CBRE: E-commerce still lacks traction in some retail categories
Deena M. Amato-McCoy
E-commerce has generated significant volumes of sales in the electronics and clothing industries, but has yet to gain traction in other retail sectors.
According to research from CBRE, data from the United States Commerce Department revealed extensive e-commerce penetration in certain retail categories such as electronics and appliances, with a 19.5% share of category sales – or $20.4 billion — occurring online. Similarly, $24.2 billion of apparel and accessories sales occurred online, but that amounted to only 9.5% of that sector's overall sales.
General merchandise, which includes department stores and other mass merchandisers, also represents a high volume of Internet sales ($22.5 billion) but a low rate of e-commerce penetration (3.3%).
Yet, other categories, such as food and beverage and motor vehicles, both under 0.1%, remain relatively unscathed. (The Commerce Department data is from 2015, which is the latest available.)
Specifically, food and beverage stores, which consist primarily of groceries and supermarkets, remain among the lowest for e-commerce share at 0.1% and only $1 billion in total internet sales. Meanwhile, motor vehicle and parts dealers feature the lowest rate of e-commerce penetration, as most car sales occur at brick-and-mortar dealerships. This is likely to rise over the coming years as online vendors grow, but the current annual e-commerce sales for this category are just $528 million, according to the report.
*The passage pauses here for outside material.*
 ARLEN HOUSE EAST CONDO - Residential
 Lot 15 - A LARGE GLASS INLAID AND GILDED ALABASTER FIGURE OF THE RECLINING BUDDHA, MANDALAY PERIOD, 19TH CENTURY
“This new data underscores the categories that shopping-center owners will find most resilient amid online sales, including health care, food and beverage, and motor vehicles,” said Melina Cordero, CBRE head of Americas retail research. “One finding that might surprise some observers is that e-commerce accounts for a smaller percentage of apparel sales — 9.5% — than many may assume, given recent store-closure announcements and current rhetoric in the market.”